Вторая удача состояла в том, что мне было около пятидесяти, когда началась моя литературная карьера. Все мои сверстники давно уже были в генералах, а я — рядовой необученный. И это дало мне замечательное чувство свободы: куда торопиться, меня все давно обогнали, и я могу играть в увлекательную игру складывания слов, героев, сюжетов, совершенно ни на кого не оглядываясь. Другие — профессионалы, а я — волонтер! Не получится — найду себе еще какое-нибудь применение. Так до сих пор с этим чувством временности моего писательского занятия и живу. К нему прибавляется также с годами всё возрастающее чувство временности моего пребывания здесь вообще. Одно другому не мешает.
Главное качество, необходимое писателю, по моим понятиям, — графомания. То есть страстная любовь к письму. Качество необходимое, но не достаточное. Я, как научилась буквам, так и начала писать: записки, дневники, какие-то клочки фраз на промокашках, письма. Потом научилась писать в рифму. Большое открытие! Время от времени и по сей день что-нибудь нацарапаю, с ограниченным применением рифм. Стихи писать все-таки стыдно в наше время на русском языке. Перед лицом великих поэтов — как можно? Разве шутя, играючи, как Дмитрий Быков, или по секрету. Во времена любовных припадков я много написала уж-жасно пронзительных стихов. Это явление гормональное.

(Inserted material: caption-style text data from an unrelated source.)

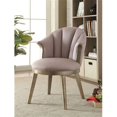 thumbnail image 1 of Brecken Accent Chair, Light Lavender Fabric & Champagne Gold, 1 of 1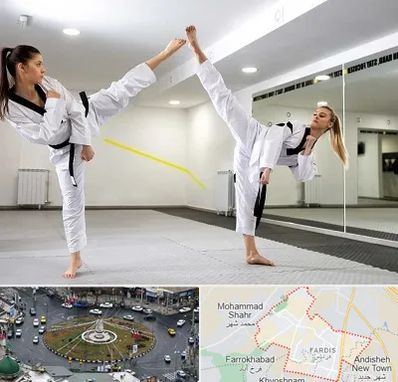 باشگاه دفاع شخصی بانوان در فردیس کرج 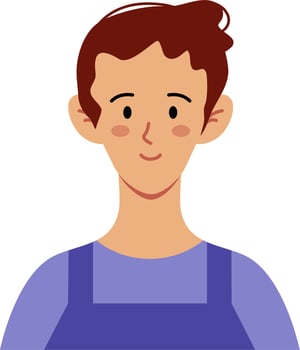 Simple man flat design avatar vector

Любовь — работа духа. Всё ж тела
В работе этой не без соучастья.
Влагаешь руку в руку — что за счастье!
Для градусов душевного тепла
И жара тяжкого телесной страсти —
Одна шкала.
Спасибо Наташе Горбаневской, она меня притормозила, сказала: займись лучше чем-нибудь другим. Мне в те годы было шестнадцать лет. Я занялась другим. Но стихи потихоньку писала. Правда, больше не показывала никому. Спустя много лет, влюбившись по уши, опять взялась за стихи. Очень острое состояние. Хорошо, что адресат был великодушный. Ну, отчасти ему даже нравилось, что меня так прошибает. Я и до сих пор иногда ему пишу какое-нибудь дорожно-путевое стихотворение. Но поскольку мы не так уж часто расстаемся, то, соответственно, я его особенно своими стихами не донимаю.
Признаюсь, ни один вид письма не доставляет такого острого наслаждения, как стихотворный.
В семьдесят девятом году, еще до всякого писательства, я угодила в «точку нуля». Профессию я к тому времени вполне утратила — генетика развивалась в бешеном темпе, объем знаний увеличивался в геометрической прогрессии, а я к этому времени девять лет не работала, растеряла и то, что когда-то знала; дети вышли из младенческого состояния; я развелась с мужем. И возникло одуряющее чувство независимости и полной свободы.